━━━ Data to examine

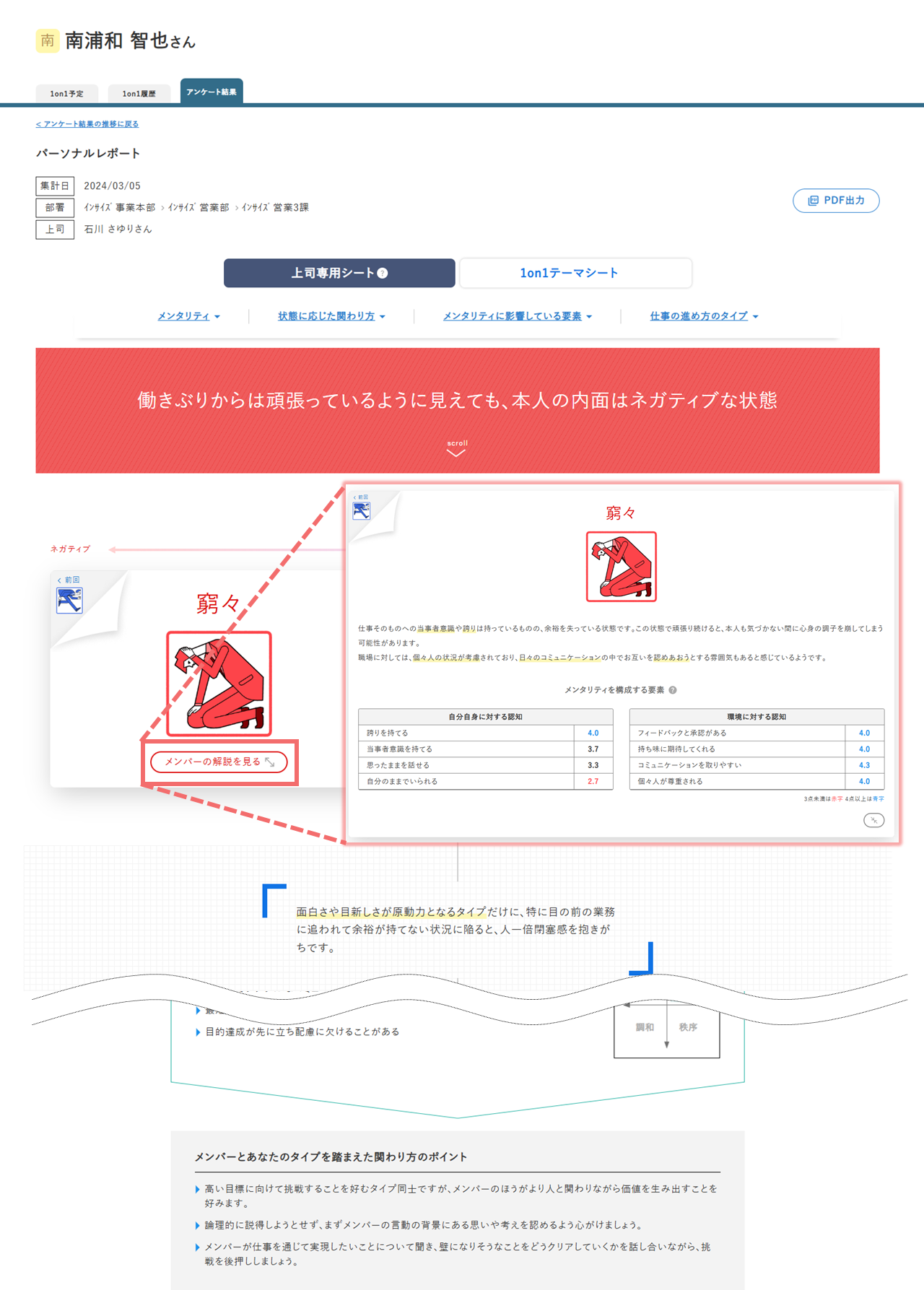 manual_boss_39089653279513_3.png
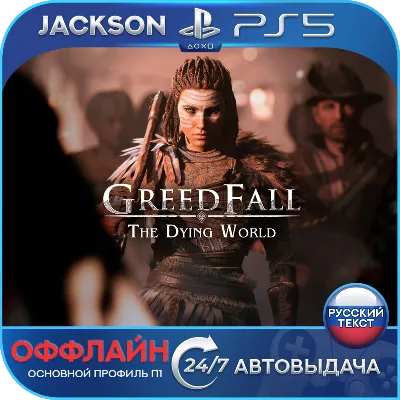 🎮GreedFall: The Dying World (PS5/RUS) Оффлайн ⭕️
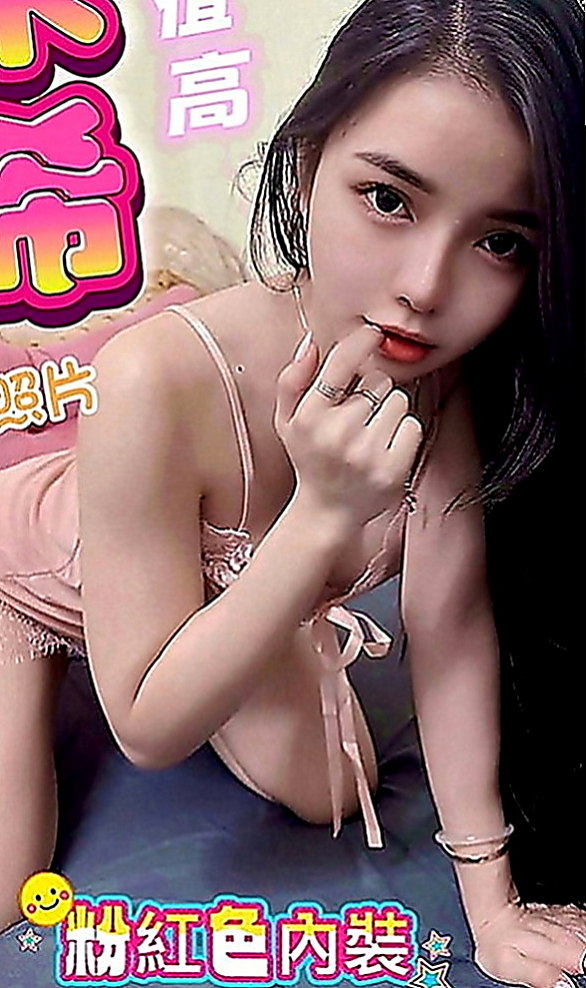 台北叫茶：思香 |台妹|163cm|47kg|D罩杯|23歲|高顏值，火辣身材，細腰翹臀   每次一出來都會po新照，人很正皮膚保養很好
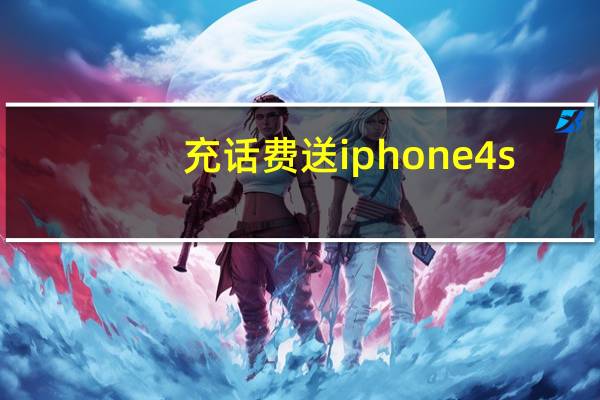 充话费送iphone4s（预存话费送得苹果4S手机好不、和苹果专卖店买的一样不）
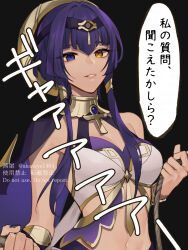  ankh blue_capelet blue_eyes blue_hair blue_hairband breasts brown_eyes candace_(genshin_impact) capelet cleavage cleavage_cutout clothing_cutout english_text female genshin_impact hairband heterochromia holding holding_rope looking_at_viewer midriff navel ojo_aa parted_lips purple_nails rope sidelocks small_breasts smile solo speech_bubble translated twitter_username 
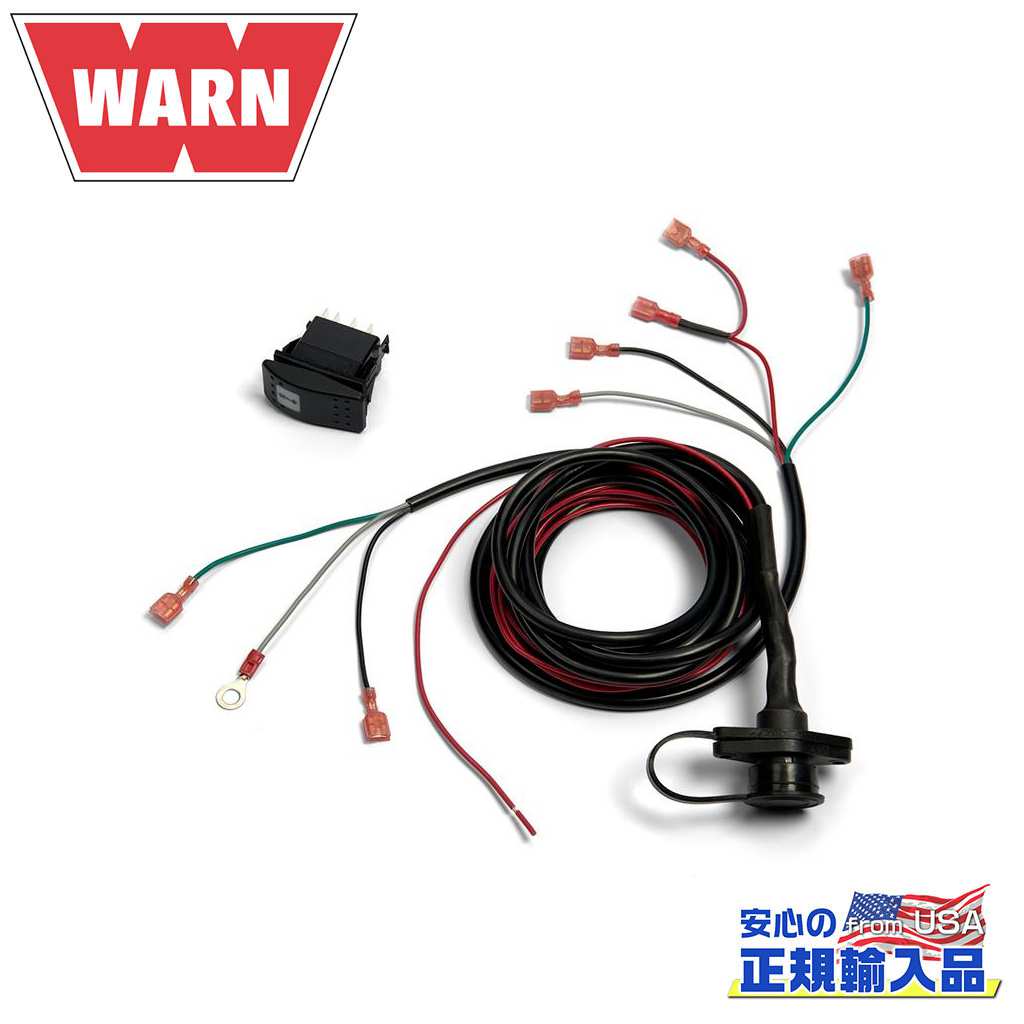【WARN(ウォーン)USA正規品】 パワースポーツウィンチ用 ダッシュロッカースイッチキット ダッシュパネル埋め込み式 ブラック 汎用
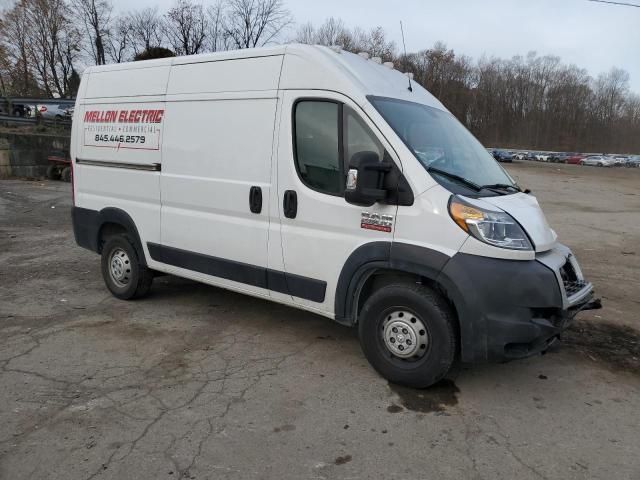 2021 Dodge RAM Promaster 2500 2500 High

━━━━━━

**Brief:**
Word for word, restate the lines from the first line of the material through the line containing "充话费送iphone4s（预", with the pictures left out.

**Solution below:**
 manual_boss_39089653279513_3.png
 🎮GreedFall: The Dying World (PS5/RUS) Оффлайн ⭕️
 台北叫茶：思香 |台妹|163cm|47kg|D罩杯|23歲|高顏值，火辣身材，細腰翹臀   每次一出來都會po新照，人很正皮膚保養很好
 充话费送iphone4s（预存话费送得苹果4S手机好不、和苹果专卖店买的一样不）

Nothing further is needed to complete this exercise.